There is a very thin line between data cleaning and data analysis. While one may perceive replacements to be a function that is performed by a data cleaner, the reality is that a data cleaner ensures that the data is consistent and of good quality and is in a ready to use state for the analysis team. Replacement for missing data or outlier values in the dataset are functions that are performed in tandem with the analysis of the dataset. This ensures that the replacements are suitable for the purpose of the study. 

 

Recommendations for STATA users

 

Users of STATA know how easy it is to perform basic checks on the dataset. The commands tabulate, summarise and duplicate, when combined with conditions come in handy for any kind of database. To illustrate, out of 505 respondents, a few consented to the survey and a few did not. In order to see the number of respondents who consented to the survey divided between males and females, the following command tabulate may be used.

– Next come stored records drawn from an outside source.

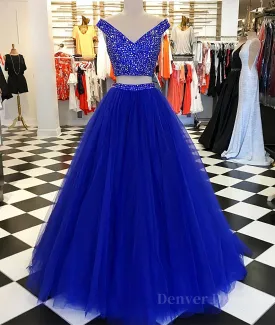 Blue v neck tulle beads two pieces long prom dress blue evening dress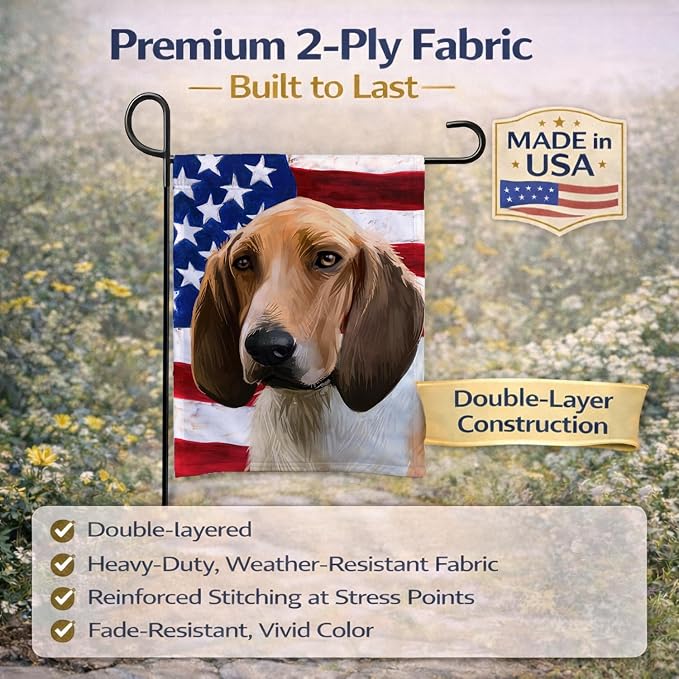 Caroline's Treasures CK6544GF Grand Anglo-Francais Tricolore American Flag Garden Flag Mailbox Flag Decorative Yard Flag Banner Outside Patio Artwork Yard Flower Beds, Garden Size, Multicolor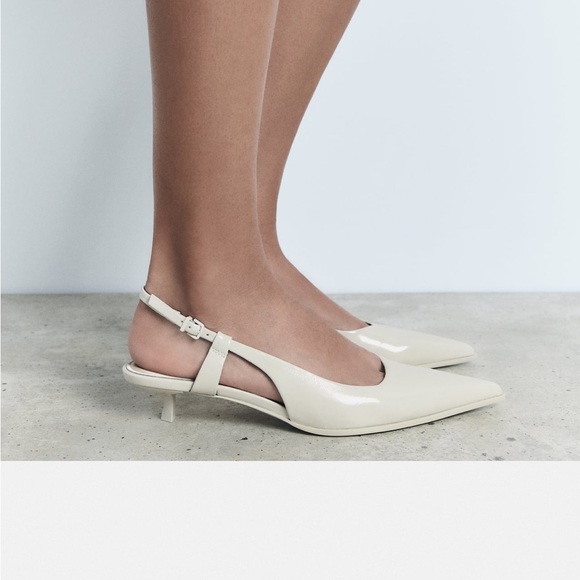 Last one 🚨Zara Gray Bone Cream Slingback Kitten Heels Pointed toe foam sole NWT - Picture 2 of 15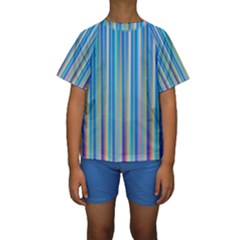 Colorful Color Arrangement Kids  Short Sleeve Swimwear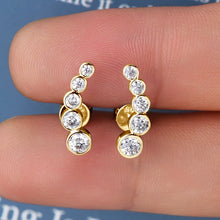 Load image into Gallery viewer, Lnngy Real Pure Silver Earrings 925 Single Row Round Bezel Moissanite Earring For Teen Women Daily Jewelry Piercing Pendientes
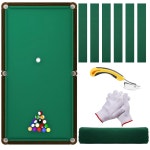 야쿠히 8 53피트 풀 테이블 펠트 6개의 천 스트립과 스테이플 리무버가 포함된 빌리어드 천 장갑 바 클럽 패밀리용 펠트 교체 키트 Standard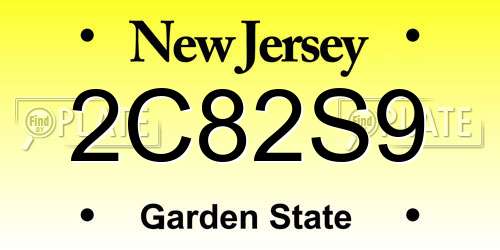 2C82S9 New Jersey License Plate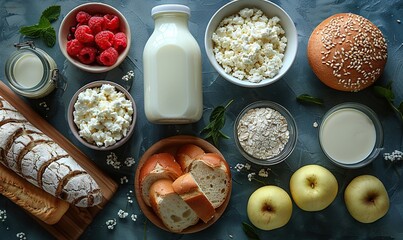 jewish holiday shavuot symbols on blue background flat lay top view dairy products milk bottle bread fruits wheat.
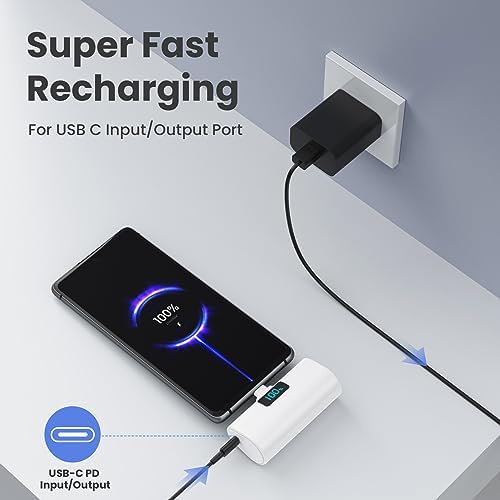 Compact 5200 m Ah Power Bank with Built-In USB-C for i Phone 15 and Samsung Devices – Fast Charging, LCD Display, Lightweight Red Design for On-the-Go Convenience and Enhanced Compatibility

Here, 1 for consent corresponds to “yes”.

 

The summarise command is helpful when you want to look at descriptive statistics (average, range, standard deviation etc.) for a numeric variable such as rainfall, age, income, cholesterol level and so on. This command also detects outlier entries in the variable. 

 

The duplicate command can be used to list and tag duplicate entries for any variable. The tagging exercise involves the generation of a new variable that takes the value 1 if the observation has one duplicate, 2 if the observation has two duplicates and so on, and takes the value 0 if the observation has no duplicates. The generation of this variable is beneficial for identifying, ordering and studying the duplicate values in the dataset.

 

To list duplicates for a variable use: duplicates list variabe_name

To tag duplicates for a variable use: duplicates tag variable_name, generate(new_variable)

 

Use the generate command to create dummies wherever possible. Dummy variables can be useful when one wants to apply multiple conditions on one or more variables. For example, we want to understand the newspaper reading habits of males who are over 25 years of age, with higher education, who live in state A. We will start by generating a dummy variable to identify these respondents in the dataset by using the following set of commands. For gender, 1 corresponds to male, and for education (edu), 4 corresponds to higher education. 

 

generate a = 1 if  gender == 1 & state == “A” & edu == 4 & age >25

tabulate newspaper_var if a == 1

 

The first step tags the observations for which all of the conditions are satisfied. The second step lists out the responses of the variable for the identified group of individuals. When carrying out your analysis, we recommend using the two-step approach of identification and rectification listed out for duplicate values, as it is vital to examine the nature of errors in the dataset before proceeding with the rectification exercise. 

 

Automating the cleaning process by creating do-files that can be replicated for a small section of the master database can make our lives a lot easier, and the data cleaning exercise more fun. Remember that writing STATA commands is like writing sentences but in STATA’s language. It is advisable to keep your commands as simple and your do file as explanatory as possible.

 

Conclusion

 

Notwithstanding how exciting one may find data cleaning to be, the best way to clean a dataset is to minimise the possibility of receiving incorrect, irrelevant or missing data. As an agency that collects data from the ground, we make sure to make our surveys as foolproof as possible, and we train the enumerators to collect quality data. Moreover, the data cleaning exercise complements data collection and monitoring. For instance, for a survey that would span a few months, initial sets of data received from the field can shed light on where the data is subpar and also let us know the kind and the extent of errors the enumerators are making. Such monitoring will allow for early detection and speedy action to amend further data collection. 

 

With an ever-growing dependence on data for policy-making, there is an immediate requirement to standardise the protocols for cleaning and maintaining databases. This series is a small step in that direction.

 

 Ashmika Gouchwal is a Quantitative Researcher at Outline India. Himanshi Sharma is a Research Associate at Outline India. 

Read More

HOW TO CONDUCT FIELD TRAINING

Effective data collection necessitates extensive field training, which in turn is a process rife with utter detail. The following objects are communicated to the enumerators as a part of their field training:

Read More

URBAN PLANNING AND THE SLUMS IN DELHI

The journey from a refugee colony to a global city

Lying, on the banks of the ancient river Yamuna, New Delhi is one of the fastest-growing urban agglomerations in the world and is the seat of power for the Indian government[1]. Hence, Delhi has witnessed a meteoric rise in population from the 1965s to the contemporary era. Delhi played as an important refugee settlement post-partition. This led to the creation of the first master plan which sought to rehabilitate the refugee families into different spaces. These turned the earliest fusions of present day authorized housing colonies of post-partition Delhi and the contemporary city that we know of today. Authorization of colonies and access to state services has played a crucial role in the lives of the residents of Delhi. The fact that an inhabitant was able to get access to public services was a significant step for that person to lay claim as the citizen of this city. The laws around claiming residency and citizenship have changed and played a vital role in shaping the spatial development of Delhi.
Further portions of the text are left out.